[Short web captions]
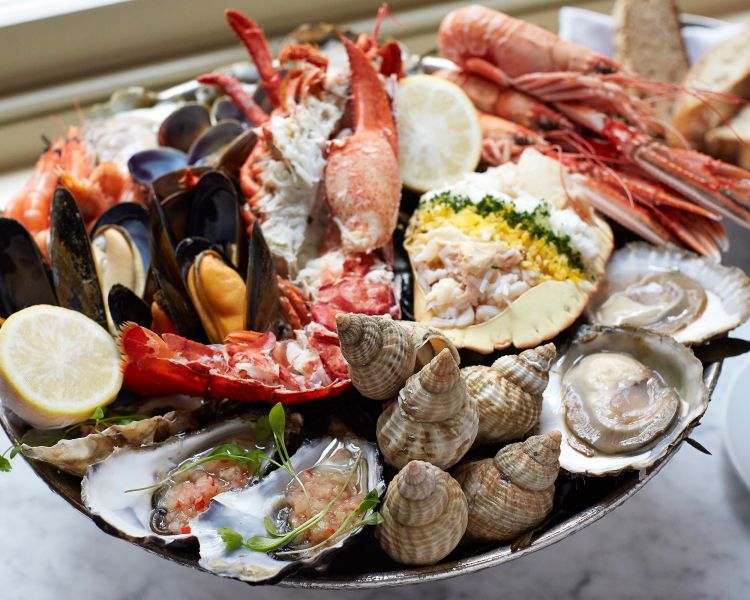 seafood platter dining experience at bentley's mayfair
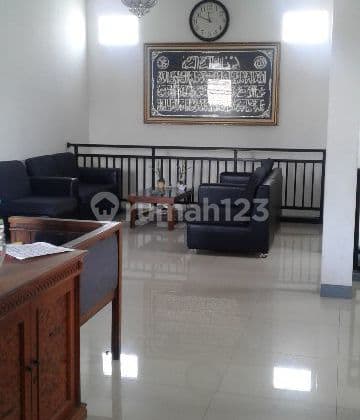 Rumah 2 Lantai Siap Huni di Caringin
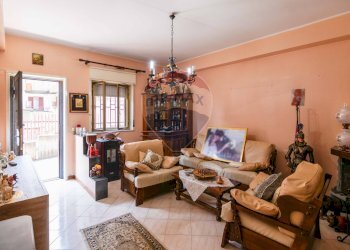 Soggiorno - Trilocale Via Finocchiari
 
121, Aci Catena - foto 1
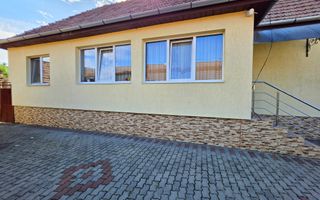Casa cu 2 camere + anexe, toate utilitatile, 295 mp teren, zona Centru - Poză 2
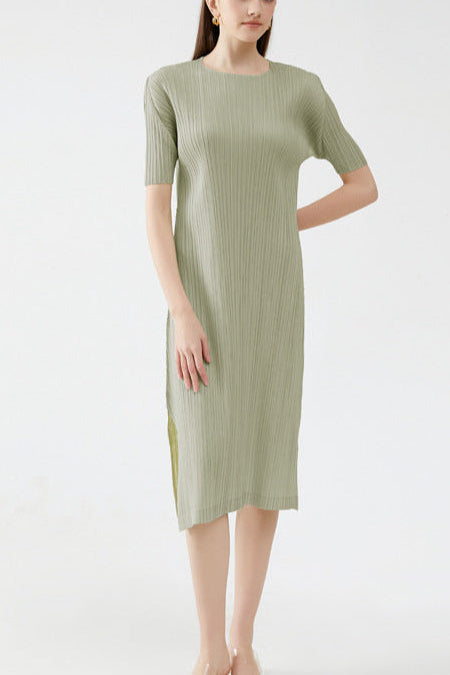 Pleated Solid Color Midi Dress – Short Sleeve Slim A-Line Style
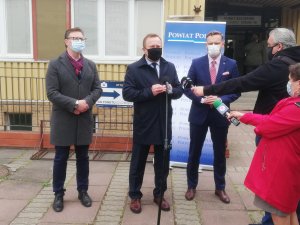 Starosta Policki Andrzej Bednarek, Wojewoda Zachodniopomorski Zbigniew Bogucki i Dyrektor szpitala Konrad Jarosz podczas briefingu prasowego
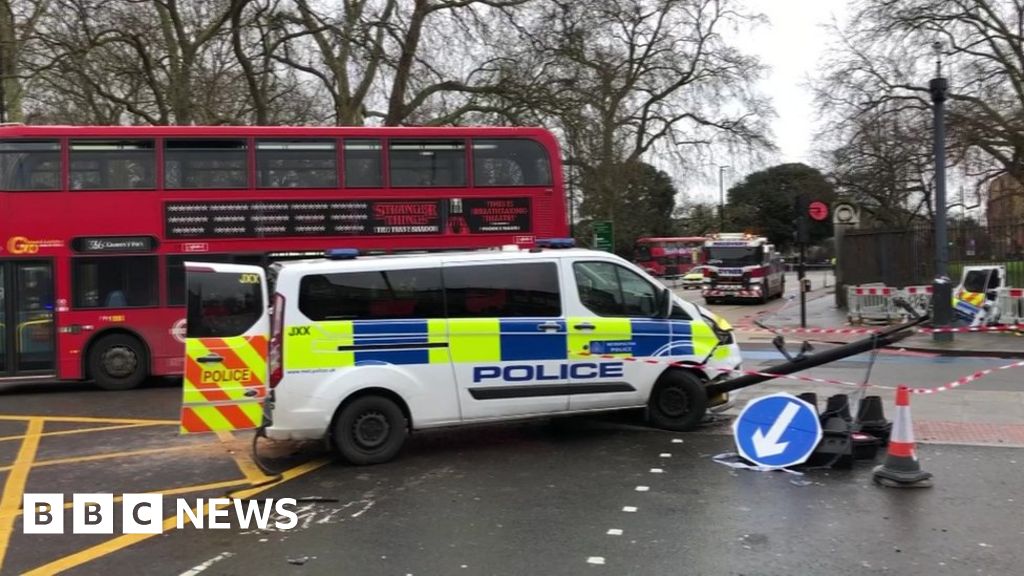 Met Police: Six officers injured in bus crash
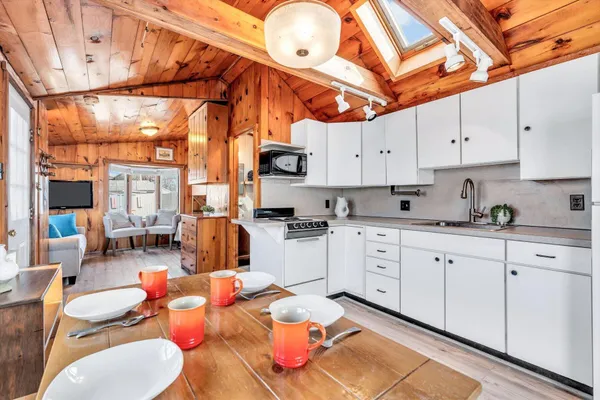 $279,000 | 241 Old Wharf Road, Unit 155, Dennis Port, MA 02639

How to complete this task
Set down the data above exactly as written. Omit the pictures.

Solution to the problem
 seafood platter dining experience at bentley's mayfair
 Rumah 2 Lantai Siap Huni di Caringin
 Soggiorno - Trilocale Via Finocchiari
 
121, Aci Catena - foto 1
Casa cu 2 camere + anexe, toate utilitatile, 295 mp teren, zona Centru - Poză 2
 Pleated Solid Color Midi Dress – Short Sleeve Slim A-Line Style
 Starosta Policki Andrzej Bednarek, Wojewoda Zachodniopomorski Zbigniew Bogucki i Dyrektor szpitala Konrad Jarosz podczas briefingu prasowego
 Met Police: Six officers injured in bus crash
 $279,000 | 241 Old Wharf Road, Unit 155, Dennis Port, MA 02639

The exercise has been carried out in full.